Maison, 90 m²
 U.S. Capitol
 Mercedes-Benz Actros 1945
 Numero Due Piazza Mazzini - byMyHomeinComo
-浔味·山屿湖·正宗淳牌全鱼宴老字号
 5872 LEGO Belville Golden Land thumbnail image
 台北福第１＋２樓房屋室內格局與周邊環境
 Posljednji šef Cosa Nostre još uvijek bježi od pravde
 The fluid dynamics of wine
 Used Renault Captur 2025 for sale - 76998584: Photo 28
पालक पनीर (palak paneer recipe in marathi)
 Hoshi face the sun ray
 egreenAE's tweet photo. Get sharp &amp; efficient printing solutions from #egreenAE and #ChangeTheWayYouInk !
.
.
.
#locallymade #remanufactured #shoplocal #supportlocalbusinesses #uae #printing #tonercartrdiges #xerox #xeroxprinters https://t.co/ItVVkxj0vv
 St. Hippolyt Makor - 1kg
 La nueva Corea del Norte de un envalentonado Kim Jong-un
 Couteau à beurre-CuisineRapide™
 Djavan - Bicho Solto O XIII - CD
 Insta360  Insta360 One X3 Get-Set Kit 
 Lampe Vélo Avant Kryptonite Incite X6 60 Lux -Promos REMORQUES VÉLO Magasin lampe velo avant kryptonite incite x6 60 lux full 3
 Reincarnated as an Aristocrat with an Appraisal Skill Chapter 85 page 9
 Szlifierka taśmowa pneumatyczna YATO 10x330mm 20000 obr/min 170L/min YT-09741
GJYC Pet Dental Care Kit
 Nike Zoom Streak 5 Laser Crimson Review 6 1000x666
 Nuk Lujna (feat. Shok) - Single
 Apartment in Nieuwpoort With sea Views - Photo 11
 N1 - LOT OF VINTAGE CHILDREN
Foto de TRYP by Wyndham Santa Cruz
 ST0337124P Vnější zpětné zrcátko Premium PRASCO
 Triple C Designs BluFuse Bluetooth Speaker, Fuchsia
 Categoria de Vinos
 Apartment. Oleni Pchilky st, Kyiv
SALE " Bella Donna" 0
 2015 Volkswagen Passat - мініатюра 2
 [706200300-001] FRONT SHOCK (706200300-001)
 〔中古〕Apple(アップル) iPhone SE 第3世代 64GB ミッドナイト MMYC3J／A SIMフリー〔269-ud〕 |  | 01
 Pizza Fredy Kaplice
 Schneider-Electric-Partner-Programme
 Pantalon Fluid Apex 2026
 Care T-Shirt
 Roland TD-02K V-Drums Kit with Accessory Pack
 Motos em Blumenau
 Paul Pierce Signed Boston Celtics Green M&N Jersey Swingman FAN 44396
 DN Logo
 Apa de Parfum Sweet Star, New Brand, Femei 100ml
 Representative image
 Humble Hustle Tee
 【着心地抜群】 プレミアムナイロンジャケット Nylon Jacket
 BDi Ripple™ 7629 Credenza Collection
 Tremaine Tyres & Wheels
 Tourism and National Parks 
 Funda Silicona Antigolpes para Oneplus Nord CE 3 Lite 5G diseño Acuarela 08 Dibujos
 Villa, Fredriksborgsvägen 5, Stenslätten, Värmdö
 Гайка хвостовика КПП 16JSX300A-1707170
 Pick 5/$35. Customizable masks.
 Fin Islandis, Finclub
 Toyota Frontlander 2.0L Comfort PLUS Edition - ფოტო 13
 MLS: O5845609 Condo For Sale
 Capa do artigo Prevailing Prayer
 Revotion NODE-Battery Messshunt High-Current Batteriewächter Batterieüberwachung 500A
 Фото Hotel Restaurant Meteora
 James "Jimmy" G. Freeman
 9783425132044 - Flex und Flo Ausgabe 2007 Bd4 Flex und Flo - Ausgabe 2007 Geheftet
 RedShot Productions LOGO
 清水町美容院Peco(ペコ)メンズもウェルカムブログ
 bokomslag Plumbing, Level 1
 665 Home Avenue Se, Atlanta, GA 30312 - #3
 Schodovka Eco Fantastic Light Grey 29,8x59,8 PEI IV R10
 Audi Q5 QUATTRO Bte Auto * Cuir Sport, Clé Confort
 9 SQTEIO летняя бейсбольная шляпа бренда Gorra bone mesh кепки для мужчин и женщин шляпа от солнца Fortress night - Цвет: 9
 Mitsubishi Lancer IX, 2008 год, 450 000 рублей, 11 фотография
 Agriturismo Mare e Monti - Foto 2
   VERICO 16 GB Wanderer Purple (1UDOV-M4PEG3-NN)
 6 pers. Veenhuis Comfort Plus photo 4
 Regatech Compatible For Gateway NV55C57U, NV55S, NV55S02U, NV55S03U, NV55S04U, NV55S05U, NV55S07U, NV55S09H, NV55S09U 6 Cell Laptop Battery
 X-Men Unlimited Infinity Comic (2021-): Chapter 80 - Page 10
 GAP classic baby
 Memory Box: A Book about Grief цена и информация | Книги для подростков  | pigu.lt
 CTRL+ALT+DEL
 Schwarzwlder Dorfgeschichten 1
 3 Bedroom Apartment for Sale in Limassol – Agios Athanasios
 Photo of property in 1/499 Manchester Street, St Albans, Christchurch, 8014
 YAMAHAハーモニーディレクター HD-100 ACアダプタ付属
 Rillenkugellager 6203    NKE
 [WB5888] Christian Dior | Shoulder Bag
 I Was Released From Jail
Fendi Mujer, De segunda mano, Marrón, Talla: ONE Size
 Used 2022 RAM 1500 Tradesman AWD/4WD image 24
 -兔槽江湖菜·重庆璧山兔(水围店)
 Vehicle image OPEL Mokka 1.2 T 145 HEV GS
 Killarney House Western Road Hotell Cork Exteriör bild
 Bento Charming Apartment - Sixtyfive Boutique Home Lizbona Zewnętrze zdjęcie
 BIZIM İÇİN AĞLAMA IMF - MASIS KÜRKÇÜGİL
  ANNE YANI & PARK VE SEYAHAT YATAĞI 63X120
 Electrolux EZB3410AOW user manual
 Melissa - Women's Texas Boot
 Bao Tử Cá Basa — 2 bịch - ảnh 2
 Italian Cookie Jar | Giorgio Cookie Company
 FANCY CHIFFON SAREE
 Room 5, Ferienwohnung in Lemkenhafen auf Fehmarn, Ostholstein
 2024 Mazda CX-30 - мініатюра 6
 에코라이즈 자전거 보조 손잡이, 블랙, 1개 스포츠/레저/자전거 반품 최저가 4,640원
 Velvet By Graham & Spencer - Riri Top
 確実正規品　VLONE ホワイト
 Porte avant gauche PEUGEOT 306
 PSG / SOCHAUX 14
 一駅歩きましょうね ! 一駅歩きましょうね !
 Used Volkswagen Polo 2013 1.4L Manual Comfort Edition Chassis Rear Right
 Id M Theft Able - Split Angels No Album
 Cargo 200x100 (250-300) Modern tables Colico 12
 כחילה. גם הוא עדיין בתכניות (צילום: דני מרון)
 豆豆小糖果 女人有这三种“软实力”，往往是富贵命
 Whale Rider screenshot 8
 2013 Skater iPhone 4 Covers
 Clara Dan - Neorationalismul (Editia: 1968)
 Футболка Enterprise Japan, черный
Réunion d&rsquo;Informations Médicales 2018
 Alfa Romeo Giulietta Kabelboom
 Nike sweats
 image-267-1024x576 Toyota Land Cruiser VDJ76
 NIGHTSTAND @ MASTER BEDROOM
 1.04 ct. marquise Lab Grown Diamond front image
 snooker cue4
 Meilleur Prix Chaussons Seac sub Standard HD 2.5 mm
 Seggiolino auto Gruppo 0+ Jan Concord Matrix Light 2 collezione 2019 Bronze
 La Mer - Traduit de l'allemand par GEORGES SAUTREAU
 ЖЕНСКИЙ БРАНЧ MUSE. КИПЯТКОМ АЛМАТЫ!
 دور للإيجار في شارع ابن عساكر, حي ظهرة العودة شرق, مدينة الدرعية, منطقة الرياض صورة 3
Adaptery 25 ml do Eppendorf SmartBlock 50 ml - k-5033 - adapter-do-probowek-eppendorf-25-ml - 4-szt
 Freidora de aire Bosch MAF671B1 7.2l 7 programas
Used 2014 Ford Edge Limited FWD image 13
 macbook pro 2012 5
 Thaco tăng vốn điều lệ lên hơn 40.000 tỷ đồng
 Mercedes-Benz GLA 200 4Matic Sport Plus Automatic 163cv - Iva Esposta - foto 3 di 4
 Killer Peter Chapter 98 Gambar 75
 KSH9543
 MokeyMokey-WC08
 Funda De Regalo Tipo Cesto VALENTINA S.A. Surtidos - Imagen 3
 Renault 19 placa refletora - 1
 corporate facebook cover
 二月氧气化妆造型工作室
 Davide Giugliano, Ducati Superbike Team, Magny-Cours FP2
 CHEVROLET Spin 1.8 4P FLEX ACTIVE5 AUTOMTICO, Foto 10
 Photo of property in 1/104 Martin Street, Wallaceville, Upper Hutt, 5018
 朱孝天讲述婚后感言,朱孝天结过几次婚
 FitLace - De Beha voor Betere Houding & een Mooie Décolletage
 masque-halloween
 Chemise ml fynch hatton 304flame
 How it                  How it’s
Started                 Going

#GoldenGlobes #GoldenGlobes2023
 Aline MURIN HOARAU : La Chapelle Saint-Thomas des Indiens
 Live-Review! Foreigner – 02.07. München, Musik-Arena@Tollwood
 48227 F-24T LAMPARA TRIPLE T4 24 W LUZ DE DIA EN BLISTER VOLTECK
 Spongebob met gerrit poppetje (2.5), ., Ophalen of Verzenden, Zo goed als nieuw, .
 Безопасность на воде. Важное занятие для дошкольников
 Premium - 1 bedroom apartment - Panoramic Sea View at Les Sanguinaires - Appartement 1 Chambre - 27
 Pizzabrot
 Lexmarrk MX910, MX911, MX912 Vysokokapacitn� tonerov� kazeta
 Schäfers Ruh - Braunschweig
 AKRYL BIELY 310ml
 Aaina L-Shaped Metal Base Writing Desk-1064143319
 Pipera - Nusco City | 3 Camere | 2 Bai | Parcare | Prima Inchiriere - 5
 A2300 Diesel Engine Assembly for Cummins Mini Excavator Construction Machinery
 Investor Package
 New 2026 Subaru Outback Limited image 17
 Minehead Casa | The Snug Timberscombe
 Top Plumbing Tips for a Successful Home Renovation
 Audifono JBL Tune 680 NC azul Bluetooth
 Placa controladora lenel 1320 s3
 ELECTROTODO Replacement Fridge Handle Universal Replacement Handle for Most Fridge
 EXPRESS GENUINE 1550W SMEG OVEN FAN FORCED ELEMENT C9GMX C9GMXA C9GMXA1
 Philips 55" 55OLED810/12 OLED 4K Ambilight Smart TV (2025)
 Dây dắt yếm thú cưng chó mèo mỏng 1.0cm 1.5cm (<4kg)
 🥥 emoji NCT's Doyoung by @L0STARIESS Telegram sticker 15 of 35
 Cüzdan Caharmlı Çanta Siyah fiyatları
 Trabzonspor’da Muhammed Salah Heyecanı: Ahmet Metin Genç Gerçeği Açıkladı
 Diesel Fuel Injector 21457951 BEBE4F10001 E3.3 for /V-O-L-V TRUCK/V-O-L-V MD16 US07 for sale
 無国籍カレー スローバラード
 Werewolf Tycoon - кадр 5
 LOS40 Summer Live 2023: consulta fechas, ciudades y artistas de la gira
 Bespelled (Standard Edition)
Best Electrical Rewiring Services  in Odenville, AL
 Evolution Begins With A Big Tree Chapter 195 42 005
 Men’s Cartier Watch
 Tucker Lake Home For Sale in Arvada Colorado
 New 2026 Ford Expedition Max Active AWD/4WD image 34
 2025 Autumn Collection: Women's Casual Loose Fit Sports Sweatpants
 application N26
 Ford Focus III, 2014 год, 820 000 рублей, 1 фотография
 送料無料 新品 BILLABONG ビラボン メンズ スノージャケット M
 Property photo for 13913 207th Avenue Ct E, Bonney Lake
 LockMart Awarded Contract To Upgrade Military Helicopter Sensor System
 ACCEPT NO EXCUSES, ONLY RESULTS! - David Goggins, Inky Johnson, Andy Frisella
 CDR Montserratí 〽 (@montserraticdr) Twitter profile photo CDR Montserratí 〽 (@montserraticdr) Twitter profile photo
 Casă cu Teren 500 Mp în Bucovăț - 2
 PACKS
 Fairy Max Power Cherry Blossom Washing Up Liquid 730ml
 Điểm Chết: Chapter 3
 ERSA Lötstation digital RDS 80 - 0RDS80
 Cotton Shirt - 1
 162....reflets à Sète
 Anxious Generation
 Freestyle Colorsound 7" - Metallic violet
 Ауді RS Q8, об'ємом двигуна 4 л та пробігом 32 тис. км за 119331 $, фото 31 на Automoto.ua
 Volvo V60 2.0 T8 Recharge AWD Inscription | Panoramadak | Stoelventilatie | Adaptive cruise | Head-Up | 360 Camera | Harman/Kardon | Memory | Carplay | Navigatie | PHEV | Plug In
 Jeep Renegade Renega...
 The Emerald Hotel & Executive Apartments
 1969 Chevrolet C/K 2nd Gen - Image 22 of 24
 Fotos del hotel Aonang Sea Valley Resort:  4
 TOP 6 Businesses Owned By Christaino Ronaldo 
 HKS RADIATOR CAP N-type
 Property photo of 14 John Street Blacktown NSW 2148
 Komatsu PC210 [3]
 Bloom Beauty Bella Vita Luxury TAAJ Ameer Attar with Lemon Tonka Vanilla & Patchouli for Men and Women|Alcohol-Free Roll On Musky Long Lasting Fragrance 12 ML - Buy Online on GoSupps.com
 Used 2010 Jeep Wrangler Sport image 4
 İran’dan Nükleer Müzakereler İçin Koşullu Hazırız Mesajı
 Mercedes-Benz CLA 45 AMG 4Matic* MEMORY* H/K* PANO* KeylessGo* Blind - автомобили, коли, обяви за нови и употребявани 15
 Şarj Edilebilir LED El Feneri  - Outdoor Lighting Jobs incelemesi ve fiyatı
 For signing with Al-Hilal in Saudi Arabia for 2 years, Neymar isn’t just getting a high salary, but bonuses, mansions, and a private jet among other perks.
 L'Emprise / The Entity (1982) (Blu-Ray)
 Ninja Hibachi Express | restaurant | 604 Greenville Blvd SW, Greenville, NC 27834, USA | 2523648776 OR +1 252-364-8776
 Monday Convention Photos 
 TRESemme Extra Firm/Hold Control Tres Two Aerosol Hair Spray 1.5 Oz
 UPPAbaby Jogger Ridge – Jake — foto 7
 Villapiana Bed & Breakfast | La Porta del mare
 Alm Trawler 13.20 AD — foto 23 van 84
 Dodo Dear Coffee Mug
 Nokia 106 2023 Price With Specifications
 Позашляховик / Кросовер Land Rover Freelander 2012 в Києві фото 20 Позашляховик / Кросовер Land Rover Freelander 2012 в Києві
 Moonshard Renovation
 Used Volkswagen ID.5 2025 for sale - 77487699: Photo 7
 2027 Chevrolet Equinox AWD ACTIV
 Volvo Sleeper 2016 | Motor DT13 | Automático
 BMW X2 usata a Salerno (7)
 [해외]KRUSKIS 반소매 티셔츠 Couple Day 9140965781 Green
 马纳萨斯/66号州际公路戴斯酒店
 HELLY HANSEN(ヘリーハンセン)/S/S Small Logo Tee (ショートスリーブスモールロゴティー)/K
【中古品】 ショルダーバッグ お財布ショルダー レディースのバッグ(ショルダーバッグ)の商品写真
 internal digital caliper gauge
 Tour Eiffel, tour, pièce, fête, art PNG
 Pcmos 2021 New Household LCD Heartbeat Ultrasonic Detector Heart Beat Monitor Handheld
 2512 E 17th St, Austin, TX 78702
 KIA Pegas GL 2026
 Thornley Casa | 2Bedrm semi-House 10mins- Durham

Exercise description => Copy out the lines above exactly, beginning at the one that contains "Photo of property in 1/104" and ending at the one that contains "Pipera - Nusco".

Response area =>
 Photo of property in 1/104 Martin Street, Wallaceville, Upper Hutt, 5018
 朱孝天讲述婚后感言,朱孝天结过几次婚
 FitLace - De Beha voor Betere Houding & een Mooie Décolletage
 masque-halloween
 Chemise ml fynch hatton 304flame
 How it                  How it’s
Started                 Going

#GoldenGlobes #GoldenGlobes2023
 Aline MURIN HOARAU : La Chapelle Saint-Thomas des Indiens
 Live-Review! Foreigner – 02.07. München, Musik-Arena@Tollwood
 48227 F-24T LAMPARA TRIPLE T4 24 W LUZ DE DIA EN BLISTER VOLTECK
 Spongebob met gerrit poppetje (2.5), ., Ophalen of Verzenden, Zo goed als nieuw, .
 Безопасность на воде. Важное занятие для дошкольников
 Premium - 1 bedroom apartment - Panoramic Sea View at Les Sanguinaires - Appartement 1 Chambre - 27
 Pizzabrot
 Lexmarrk MX910, MX911, MX912 Vysokokapacitn� tonerov� kazeta
 Schäfers Ruh - Braunschweig
 AKRYL BIELY 310ml
 Aaina L-Shaped Metal Base Writing Desk-1064143319
 Pipera - Nusco City | 3 Camere | 2 Bai | Parcare | Prima Inchiriere - 5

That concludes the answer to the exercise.